The couple, Segundo Chimbay, 53, and Maria Chimbay, 52, charged tenants $750 to $1,400 rent each month to live in a single room at 40-33 Forley Street in Elmhurst. Fifteen people occupied the house and shared a common kitchen on the main floor, according to the District Attorney’s office.
The Chimbays, who live on 94th Street, were slapped with an 18-count indictment charging them with a variety of crimes, including fraud, reckless endangerment and 15 violations of the New York City Administrative Code. They both face up to seven years in prison.

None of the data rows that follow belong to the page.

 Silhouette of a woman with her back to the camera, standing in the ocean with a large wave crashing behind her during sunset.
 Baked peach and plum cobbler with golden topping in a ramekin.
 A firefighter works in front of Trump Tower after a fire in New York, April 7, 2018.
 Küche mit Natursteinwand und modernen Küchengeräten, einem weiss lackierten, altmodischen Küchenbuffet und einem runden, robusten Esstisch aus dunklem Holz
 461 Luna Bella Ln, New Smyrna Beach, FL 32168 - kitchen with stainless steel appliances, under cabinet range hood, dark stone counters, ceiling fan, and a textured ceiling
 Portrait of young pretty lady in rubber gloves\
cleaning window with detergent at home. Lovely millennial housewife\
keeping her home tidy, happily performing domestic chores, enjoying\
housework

The violations were first discovered on March 14, 2016 when a Department of Buildings inspector responded to a complaint and found that the house was illegally converted into multiple units and constituted a “specified immediately hazardous violation.”
The department subsequently issued a vacate order and the tenants were told to leave, according to the District Attorney’s office.

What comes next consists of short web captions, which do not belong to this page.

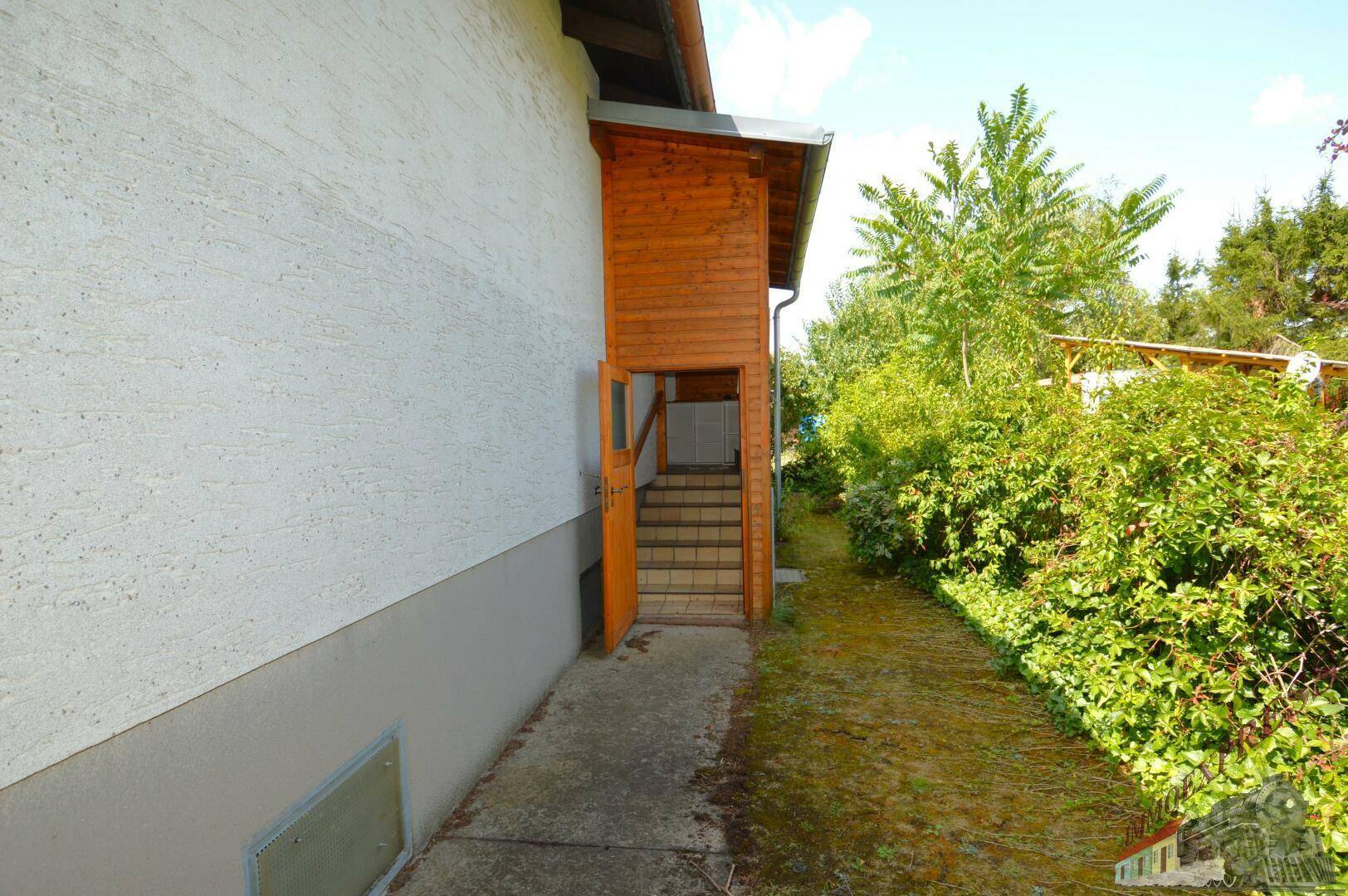 Seitlicher Zugang zum Haus mit Holztreppe und üppiger Vegetation im Gartenbereich.
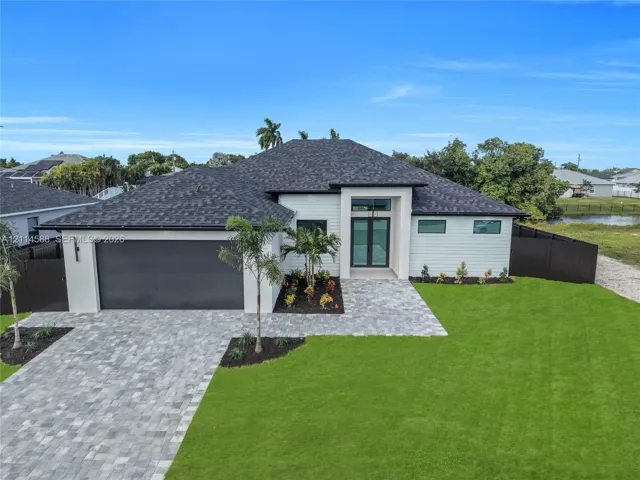 Single-story exterior featuring a hip roof, horizontal siding, paver driveway, walkway, and glass-paneled double entry doors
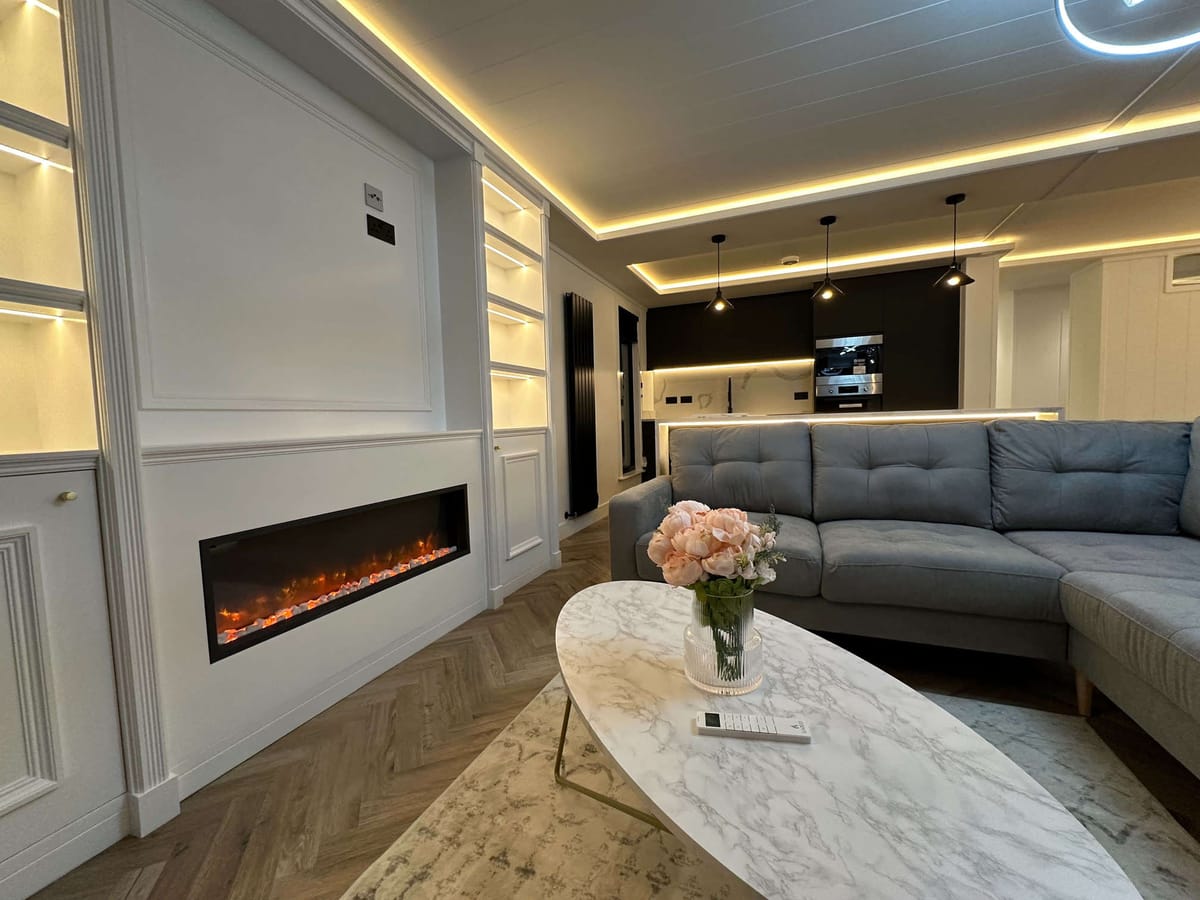 Modern Living Room with Cozy Electric Fireplace, Elegant Gray Sectional Sofa, Marble Coffee Table with Floral Centerpiece, and Sleek Open Kitchen Featuring Pendant Lighting and Built-In Appliances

The inspector followed up on Feb. 15, 2017 and allegedly discovered one room in the basement, three SROs on the second floor and one in the attic. A re-vacate order was issued to the Chimbays for failing to comply with the original vacate order.

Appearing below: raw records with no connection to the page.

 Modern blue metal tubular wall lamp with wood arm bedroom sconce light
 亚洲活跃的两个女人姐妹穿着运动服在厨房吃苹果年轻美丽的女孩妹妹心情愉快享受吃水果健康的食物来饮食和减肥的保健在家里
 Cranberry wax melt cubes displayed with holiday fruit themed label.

The following month, a Department of Buildings inspector and a Department of Investigations investigator went to the house and found the same conditions.
Despite the vacate orders, the Chimbays allegedly assured their tenants that the building was legal and continued to collect rent, according to the District Attorney’s office.
“The defendants are accused of trading the safety of their tenants for cold, hard cash,” said Queens District Attorney Richard A. Brown in a statement.
The Chambays have a history of illegally dividing houses and cramming people into them.
Segundo Chimbay was charged with reckless endangerment and other crimes in 2013 for allowing 46 people, including 12 children, to live in four of his properties in Jackson Heights and Elmhurst, DNAinfo wrote at the time.
He pleaded guilty to second-degree reckless endangerment on August 20, 2014 and was sentenced on October 3, 2014 to 3 years’ probation, a spokesperson with the District Attorney’s office confirmed.
Brown said that today’s indictment is part of a crackdown on dangerous and illegal housing by his office, the NYC Department of Investigations and the NYC Department of Buildings.
Brown said that illegal conversions put a strain on city services, such as parking, transportation, waste disposal and schools. He added that they also “endanger the lives of building residents as well as firefighters and other personnel who, in responding to an emergency, would have been confronted by a maze of rooms with no way out.”